# Type of bale tie...



## downtownjr (Apr 8, 2008)

What do you use...wire, sisal twine, or synthetic twine? Make your selection above....thanks!


----------



## JD4755 (Apr 17, 2008)

Black gold/bridon WR-350, 4000'


----------



## greenacres (Jun 5, 2008)

orange line 350-4000 and orange line 170-7200


----------



## chetlenox (Jun 5, 2008)

Just cause I don't know, what's the difference between "sisal" and "synthetic"? I assume nobody actually uses "real" twine anymore, right?

Chet.


----------



## JD4755 (Apr 17, 2008)

I think sisal tine is made of natural fibers, vs synthetic is polypropolyne (sp)..which is just a fancy name for a type of plastic i believe


----------



## OhioHay (Jun 4, 2008)

9000 sisal on the small squares and 20000 plastic on the round bales


----------



## 4020man (Jun 21, 2008)

Lincon Brand 7200 sisal


----------



## jd6400 (Jun 3, 2008)

Was using 9000 sisal, changed to 7200 plastic and still having problems. Wanted the plastic due to the strain from the accumulater, got another "expert" bale guy from NH coming out next time we bale,god this weather sucks!


----------



## greenacres (Jun 5, 2008)

chet
sisal is hemp or the old twine


----------



## greenacres (Jun 5, 2008)

what trouble are you having


----------



## jd6400 (Jun 3, 2008)

The baler will hang a loop on the billhook and not swipe it off. We put the plastic billhooks on it and it worked fine on 5 or 6 hundred bales then started the other day doing the same thing on one in 10 bales. I`ve had 3 experts look at it, I`m down to the last NH dealer thats halfway close.

It would do that with sisal on every 2 or 300 bales and I lived with it last yr.Picture having to push 6 bales out of the accumulater chamber every 10 bales!

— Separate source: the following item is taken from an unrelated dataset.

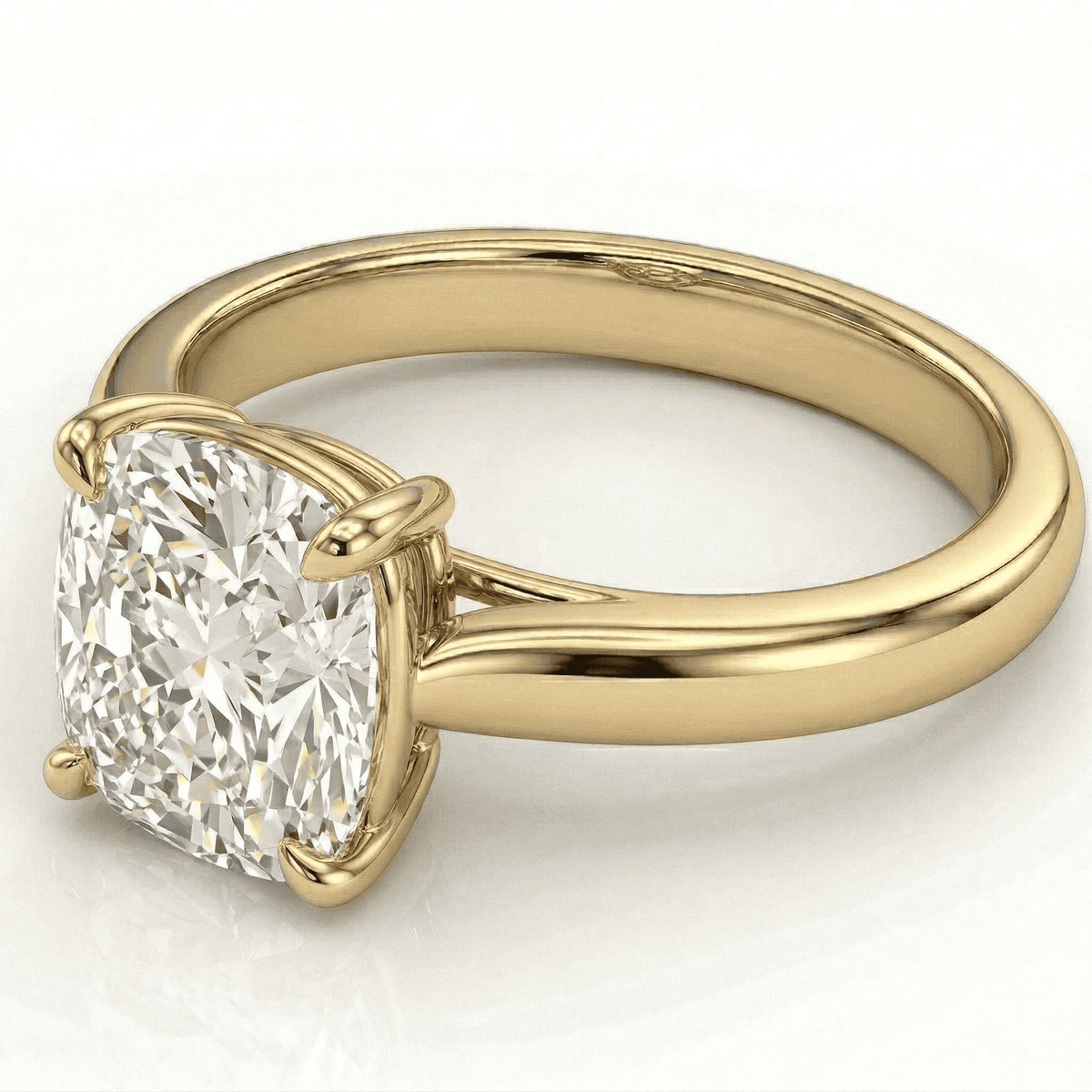 Yellow Gold Cushion Cathedral Ring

I`m about done with this baler and system!!!! Have been doing a lot of round bales cause I can`t trust the NH. By the way this baler was brand spankin new last yr and has had about 20,000 bales through it. I wish I`d kept my 315.


----------



## greenacres (Jun 5, 2008)

don't know about the plastic billhooks haven't seen them, try loosing the tension on the billhooks a quarter turn at a time, make sure the twine arm is dragging lightly across the billhook to kick the knot off, what twine are you using? also check to make sure you haven't half sheared a pin on the billhook.
also is this happening on both knotters? if it is change both billhook springs and reset them to specs, and make sure it is inches and not metric dims.
I take it this is a NH 570 or 575 07 model?


----------



## OhioHay (Jun 4, 2008)

We use 9000 sisal with our Kuhns accumulators and get along just fine. With Case IH 8530 balers we probably have a twine hang up once or twice a day per baler. We started spraying our bill hooks with WD40 before we start each day and then once or twice during baling after that and it seemed to help alot. and yes, this weather really does stink. Mowed in the rain monday, cloudy tuesday...tedded twice, cloudy morning today and then good sun. Got started about 3:00 finally dry enough and rained out by 5:45.


----------



## greenacres (Jun 5, 2008)

also check your knife make sure it is straight not grooved maybe replace them they are not very expensive I changed mine every 15 to 20000 they may look good but they can dull fast some of this plastic can dull a knife fast.
When you say loop do you mean knot or a single loop? also check out the needles home position and tie position then check fore and aft position of the needles and knotter. I went through this with a big sq baler for twelve years before I bought a hesston.


----------



## haymaker 515 (Jul 12, 2008)

used to use 6500/240 switched to 8500/245 i really like the bigger boxes


----------